ABOUT THIS EXERCISE: Reproduce exactly the lines of the material beneath, from the line that contains "We will now" to the line that contains "Hi, this is", both included, and no other lines.
====================
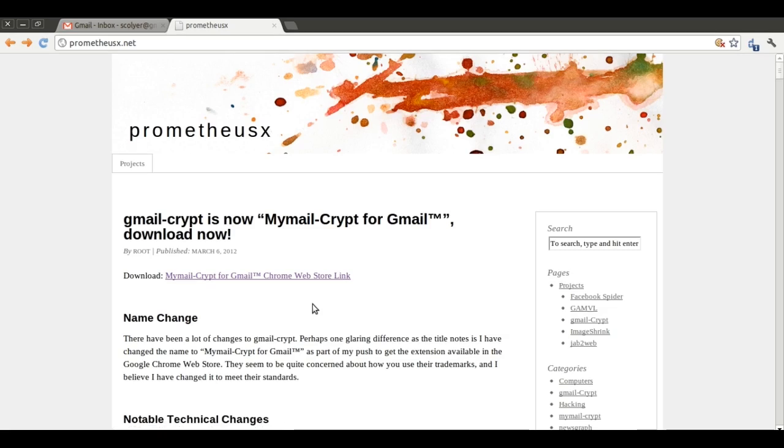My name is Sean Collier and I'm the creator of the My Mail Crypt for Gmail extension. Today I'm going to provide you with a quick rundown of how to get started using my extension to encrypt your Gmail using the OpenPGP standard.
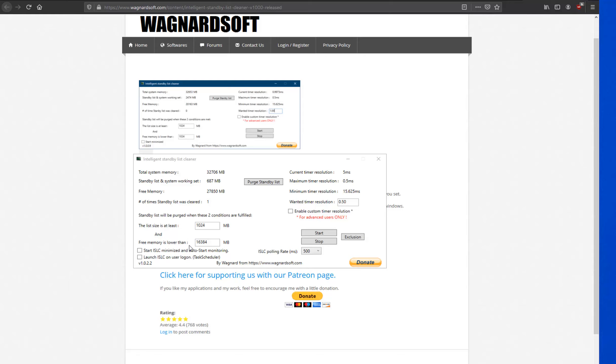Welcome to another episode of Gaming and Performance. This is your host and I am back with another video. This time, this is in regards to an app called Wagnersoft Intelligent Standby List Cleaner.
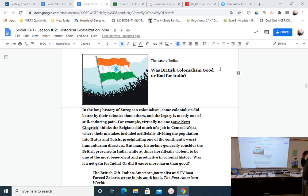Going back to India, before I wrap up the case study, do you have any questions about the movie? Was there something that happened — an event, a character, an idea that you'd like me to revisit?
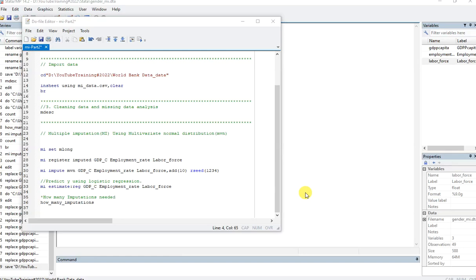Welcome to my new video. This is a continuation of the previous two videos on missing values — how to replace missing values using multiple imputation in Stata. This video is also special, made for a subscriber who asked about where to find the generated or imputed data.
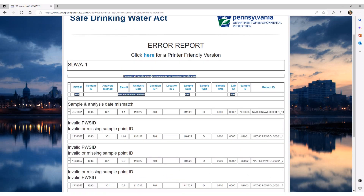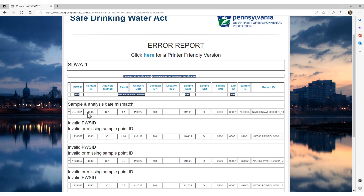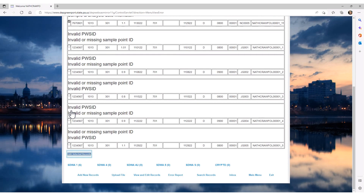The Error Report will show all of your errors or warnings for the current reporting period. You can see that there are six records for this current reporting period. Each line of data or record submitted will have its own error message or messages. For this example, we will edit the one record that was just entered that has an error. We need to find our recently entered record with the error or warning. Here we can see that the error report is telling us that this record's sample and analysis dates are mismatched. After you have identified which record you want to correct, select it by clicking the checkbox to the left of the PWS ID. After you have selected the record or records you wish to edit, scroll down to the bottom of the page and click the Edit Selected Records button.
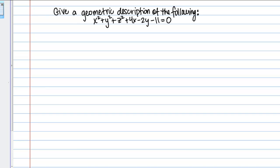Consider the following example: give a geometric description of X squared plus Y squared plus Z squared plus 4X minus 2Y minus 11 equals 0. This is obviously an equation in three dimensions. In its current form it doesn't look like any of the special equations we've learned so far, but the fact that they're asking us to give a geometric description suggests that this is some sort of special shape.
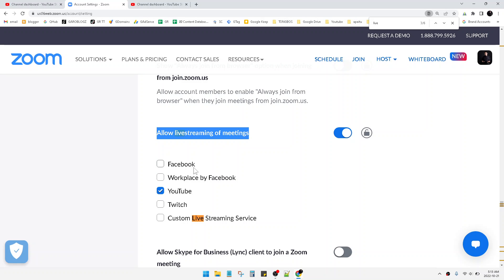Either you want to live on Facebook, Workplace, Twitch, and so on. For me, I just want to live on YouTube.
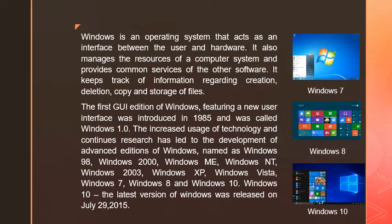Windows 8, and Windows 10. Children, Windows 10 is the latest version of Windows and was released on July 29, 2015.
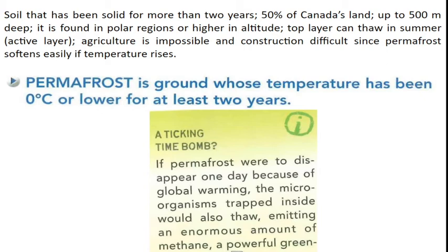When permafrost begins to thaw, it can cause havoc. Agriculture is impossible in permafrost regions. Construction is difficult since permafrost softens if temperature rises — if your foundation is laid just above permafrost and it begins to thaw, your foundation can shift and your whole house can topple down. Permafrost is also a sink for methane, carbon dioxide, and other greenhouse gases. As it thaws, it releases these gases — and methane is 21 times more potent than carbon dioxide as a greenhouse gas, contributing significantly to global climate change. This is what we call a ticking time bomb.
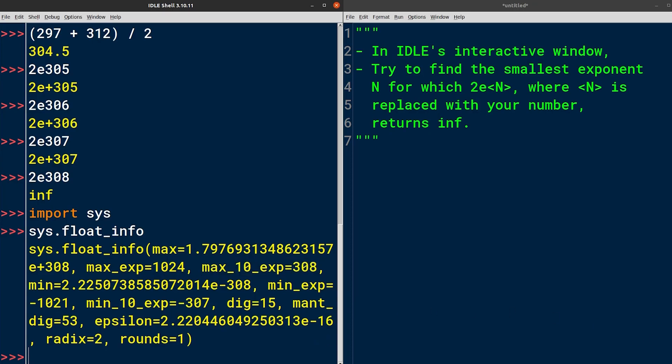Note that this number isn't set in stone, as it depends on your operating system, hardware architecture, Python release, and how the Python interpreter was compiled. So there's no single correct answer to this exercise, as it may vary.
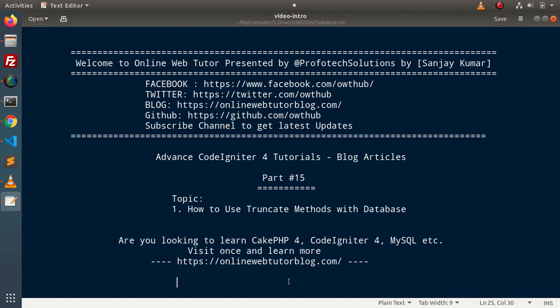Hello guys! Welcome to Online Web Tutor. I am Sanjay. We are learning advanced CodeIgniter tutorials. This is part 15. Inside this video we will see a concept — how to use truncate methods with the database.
====================
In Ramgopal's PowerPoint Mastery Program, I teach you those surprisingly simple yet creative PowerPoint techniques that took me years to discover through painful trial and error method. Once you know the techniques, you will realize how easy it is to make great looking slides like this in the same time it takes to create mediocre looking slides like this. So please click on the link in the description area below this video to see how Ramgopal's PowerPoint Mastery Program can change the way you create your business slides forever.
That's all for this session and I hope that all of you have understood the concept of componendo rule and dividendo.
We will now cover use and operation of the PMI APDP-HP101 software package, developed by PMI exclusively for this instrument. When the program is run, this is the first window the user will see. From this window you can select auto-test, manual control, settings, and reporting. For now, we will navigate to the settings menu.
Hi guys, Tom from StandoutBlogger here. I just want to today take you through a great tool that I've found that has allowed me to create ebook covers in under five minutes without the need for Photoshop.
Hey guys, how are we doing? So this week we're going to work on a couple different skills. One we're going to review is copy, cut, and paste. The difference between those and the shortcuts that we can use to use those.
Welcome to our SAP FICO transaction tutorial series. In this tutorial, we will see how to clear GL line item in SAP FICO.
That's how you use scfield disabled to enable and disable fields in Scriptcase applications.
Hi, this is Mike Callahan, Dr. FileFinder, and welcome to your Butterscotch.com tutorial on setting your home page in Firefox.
====================
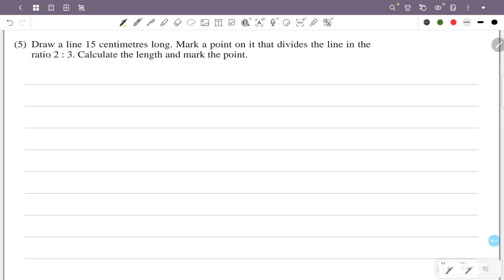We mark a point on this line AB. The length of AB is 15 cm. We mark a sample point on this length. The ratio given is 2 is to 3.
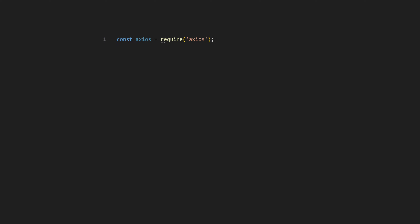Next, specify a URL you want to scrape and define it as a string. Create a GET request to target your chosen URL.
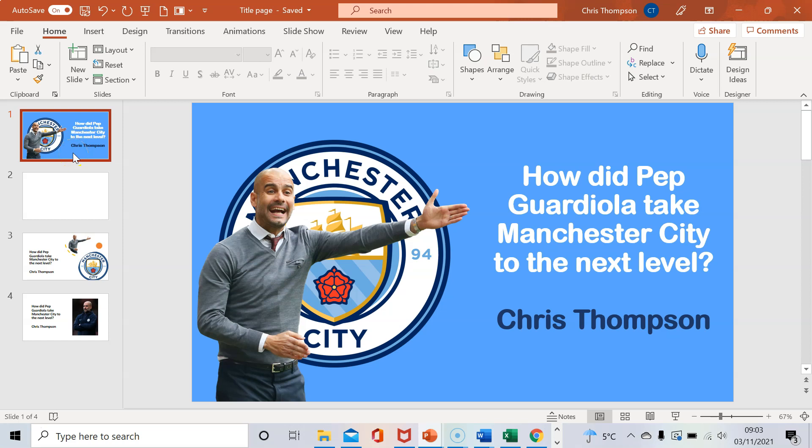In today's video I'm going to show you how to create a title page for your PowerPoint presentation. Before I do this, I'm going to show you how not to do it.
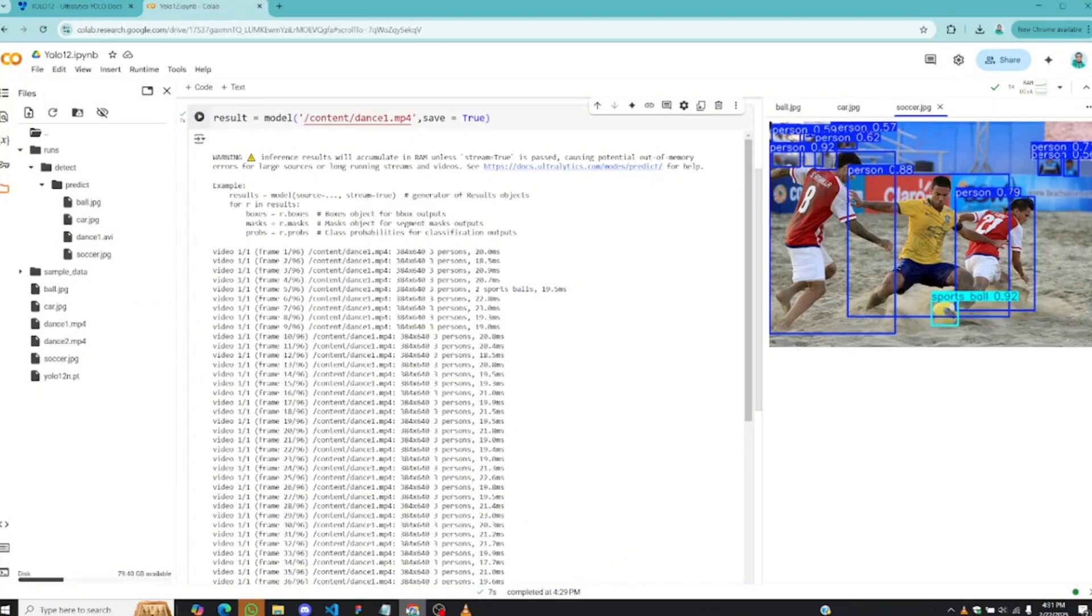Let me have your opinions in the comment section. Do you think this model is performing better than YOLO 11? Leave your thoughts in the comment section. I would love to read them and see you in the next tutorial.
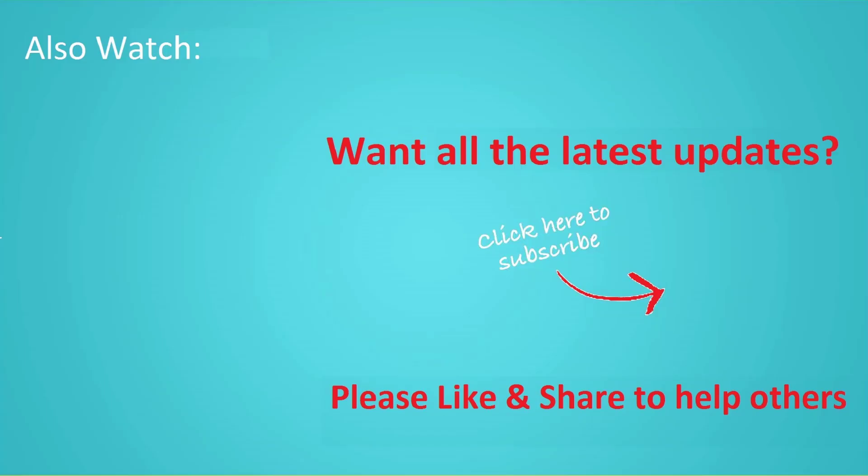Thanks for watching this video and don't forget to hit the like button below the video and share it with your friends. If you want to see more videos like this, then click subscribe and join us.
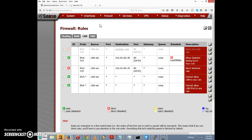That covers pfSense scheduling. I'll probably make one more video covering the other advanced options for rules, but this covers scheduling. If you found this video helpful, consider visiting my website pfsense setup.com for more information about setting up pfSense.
====================
WRITTEN RESPONSE:
We will now cover use and operation of the PMI APDP-HP101 software package, developed by PMI exclusively for this instrument. When the program is run, this is the first window the user will see. From this window you can select auto-test, manual control, settings, and reporting. For now, we will navigate to the settings menu.
Hi guys, Tom from StandoutBlogger here. I just want to today take you through a great tool that I've found that has allowed me to create ebook covers in under five minutes without the need for Photoshop.
Hey guys, how are we doing? So this week we're going to work on a couple different skills. One we're going to review is copy, cut, and paste. The difference between those and the shortcuts that we can use to use those.
Welcome to our SAP FICO transaction tutorial series. In this tutorial, we will see how to clear GL line item in SAP FICO.
That's how you use scfield disabled to enable and disable fields in Scriptcase applications.
Hi, this is Mike Callahan, Dr. FileFinder, and welcome to your Butterscotch.com tutorial on setting your home page in Firefox.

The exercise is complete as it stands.